After finding the line with "Daytona Motorcycle Leather" in the data below, set down exactly each line through the one with "KLOKKERHOLM Täyttöputki, polttoainetankki", inclusive, and stop there.
*** Opening EXERCISE INPUTS ***
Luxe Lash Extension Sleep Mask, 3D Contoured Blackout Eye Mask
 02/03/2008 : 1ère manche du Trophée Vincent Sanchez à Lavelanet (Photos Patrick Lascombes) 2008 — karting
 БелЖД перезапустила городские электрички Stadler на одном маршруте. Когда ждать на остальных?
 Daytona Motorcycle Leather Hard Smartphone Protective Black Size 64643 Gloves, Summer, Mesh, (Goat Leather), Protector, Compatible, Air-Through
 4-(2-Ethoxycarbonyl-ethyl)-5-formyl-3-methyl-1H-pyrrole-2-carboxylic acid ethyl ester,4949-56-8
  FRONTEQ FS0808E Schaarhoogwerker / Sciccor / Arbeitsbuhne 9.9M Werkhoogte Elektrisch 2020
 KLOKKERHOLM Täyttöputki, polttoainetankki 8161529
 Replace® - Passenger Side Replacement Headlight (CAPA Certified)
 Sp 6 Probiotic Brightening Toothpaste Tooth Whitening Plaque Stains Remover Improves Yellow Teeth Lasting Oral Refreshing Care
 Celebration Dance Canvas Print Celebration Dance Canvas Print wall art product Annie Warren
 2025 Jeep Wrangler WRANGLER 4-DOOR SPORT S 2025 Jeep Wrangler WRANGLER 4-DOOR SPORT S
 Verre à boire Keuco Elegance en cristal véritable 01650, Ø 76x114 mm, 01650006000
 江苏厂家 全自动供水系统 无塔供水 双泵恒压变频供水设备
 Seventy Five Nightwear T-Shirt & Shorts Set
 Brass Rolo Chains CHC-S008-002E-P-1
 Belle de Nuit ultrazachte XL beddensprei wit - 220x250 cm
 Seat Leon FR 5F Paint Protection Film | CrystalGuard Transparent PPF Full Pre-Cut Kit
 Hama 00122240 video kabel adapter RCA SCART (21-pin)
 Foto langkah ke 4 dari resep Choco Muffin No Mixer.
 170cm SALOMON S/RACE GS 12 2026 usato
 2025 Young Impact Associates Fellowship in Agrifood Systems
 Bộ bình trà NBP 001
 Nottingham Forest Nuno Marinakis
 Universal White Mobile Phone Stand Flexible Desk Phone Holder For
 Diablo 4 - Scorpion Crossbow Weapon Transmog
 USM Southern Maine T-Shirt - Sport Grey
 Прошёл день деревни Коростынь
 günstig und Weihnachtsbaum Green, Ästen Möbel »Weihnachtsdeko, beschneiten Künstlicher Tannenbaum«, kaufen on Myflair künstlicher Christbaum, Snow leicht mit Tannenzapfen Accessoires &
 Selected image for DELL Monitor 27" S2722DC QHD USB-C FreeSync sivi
*** Closing EXERCISE INPUTS ***
ANSWER SECTION:
 Daytona Motorcycle Leather Hard Smartphone Protective Black Size 64643 Gloves, Summer, Mesh, (Goat Leather), Protector, Compatible, Air-Through
 4-(2-Ethoxycarbonyl-ethyl)-5-formyl-3-methyl-1H-pyrrole-2-carboxylic acid ethyl ester,4949-56-8
  FRONTEQ FS0808E Schaarhoogwerker / Sciccor / Arbeitsbuhne 9.9M Werkhoogte Elektrisch 2020
 KLOKKERHOLM Täyttöputki, polttoainetankki 8161529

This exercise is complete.